发明名称 Speaker indexing device and speaker indexing method
摘要 A speaker indexing device extracts a plurality of features from a speech signal on a frame-by-frame basis, models a distribution of first feature sets by a mixture distribution containing as many probability distributions as there are speakers, selects for each probability distribution either first feature sets located within a predetermined distance from the center of the probability distribution or a predetermined number of first feature sets in sequence starting from the first feature set closest to the center of the probability distribution, selects a second feature for the frame corresponding to the selected first feature sets as first training data for the speaker corresponding to the probability distribution and, using the first training data, trains a speaker model to be used to append to each frame identification information for identifying the speaker speaking in the frame.

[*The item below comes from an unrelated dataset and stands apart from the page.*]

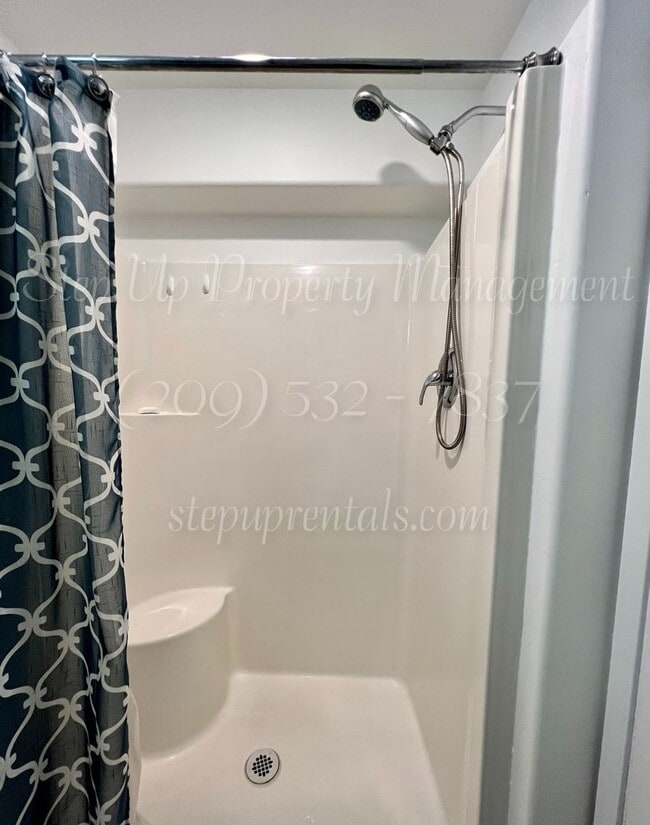 Building Photo - Unique Diamond Find In The Heart Of Historic Downtown Sonora!!!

申请公布号 US9536525(B2) 申请公布日期 2017.01.03
申请号 US201514825653 申请日期 2015.08.13
申请人 FUJITSU LIMITED 发明人 Hayakawa Shoji
分类号 G10L17/00;G10L17/04;G10L17/02 主分类号 G10L17/00
代理机构 Fujitsu Patent Center 代理人 Fujitsu Patent Center
主权项 1. A speaker indexing device comprising: a processor configured to: from a speech signal containing a conversation between a plurality of speakers, extract at least one feature and a data set including at least two values on a frame-by-frame basis, each frame having a predetermined time length, the at least one feature and the data set representing human speech features; model a distribution of the data set extracted for each frame, by a mixture distribution that contains as many probability distributions as the number of speakers; for each of the probability distributions, select from among the data set extracted for each frame, either data sets located within a predetermined distance from the center of the probability distribution or a predetermined number of data sets in sequence starting from the data set closest to the center of the probability distribution, and select the at least one feature extracted for the frame corresponding to each selected data set, as first training data for speaker of the plurality of speakers that corresponds to the probability distribution; train a speaker model for each of the plurality of speakers by using the first training data selected for the corresponding speaker, the speaker model representing the speech features of the speaker by a probability distribution of the at least one feature; and based on the speaker model of each of the plurality of speakers and on the at least one feature for each frame, append to each frame identification information for identifying the speaker speaking in the frame.
地址 Kawasaki JP